There have been several other instances the past few days where things could have gotten ugly. Times when he made the wrong choice and we knew that this could get bad. But it didn't. We've been praising him up and down after the incident is dealt with and telling him that again, it's ok to be sad or angry. We're proud of him for walking away for a minute, or taking a deep breath, or using his words to tell us how he feels. Life. Changing.

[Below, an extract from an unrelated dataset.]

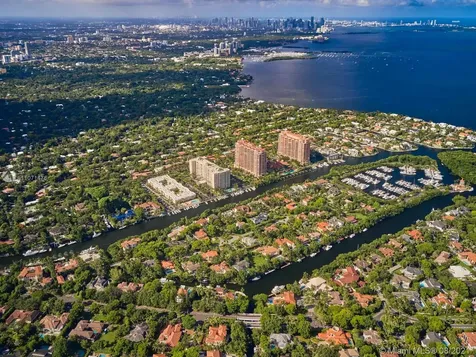 279 Galeon Court Coral Gables FL 33143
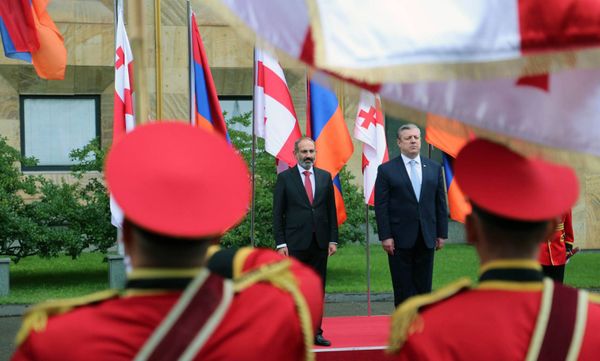 Премьер-министр Грузии Георгий Квирикашвили встретил премьер-министра Армении Никола Пашиняна в администрации правительства Грузии (30 мая 2018). Тбилиси Премьер-министр Грузии Георгий Квирикашвили встретил премьер-министра Армении Никола Пашиняна в администрации правительства Грузии (30 мая 2018). Тбилиси - Sputnik Армения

In addition to that, he made a craft for his nanny the other day for Valentine's Day. He colored his hands and it was the most coloring he's ever done. Ever. Also, my boy who never ate is eating so much more now. That alone makes me want to cry. He ate two sandwiches for dinner tonight plus watermelon and chips. 

So we'll keep going on the diet. I'm so happy with the results so far, even if they aren't impacting the seizures. We've also been screen-free for the past week. That's not necessarily making the seizures go away, but we have noticed that we haven't had any really bad days like we would before. The screen-time definitely makes the seizures worse, though no screen-time doesn't make them go away. 


For more information on the diet he's on, visit www.feingold.org or google Feingold Diet. We'll continue to post updates. This is definitely a journey and it's not one where we are saying "No medicine." It's just for now, we have to try some other things. I also need to note that he is not in any danger with his seizures. He shouldn't swim or climb things, which we make sure of. But the fact is, he was having seizures while on the medicine, which is why we couldn't do it anymore. There were too many side effects for the medicine to not work. Larry and I talk so much about this. We both know the medicine he was on was not good for him, but we also both accept that this diet will probably not be the answer to the seizures and we'll have to take different steps in a few weeks. Whether that means supplements, a new diet, or a new medicine, we aren't sure of yet. It will depend on what we see over the next three weeks. We have to wait the full 6 weeks before we can be sure that all of the changes that the diet can impact have had time to work. The positive news about the seizures is that they are no worse than they were. 

For the next 3 weeks we will continue to reflect and listen for God's will. We will keep you posted!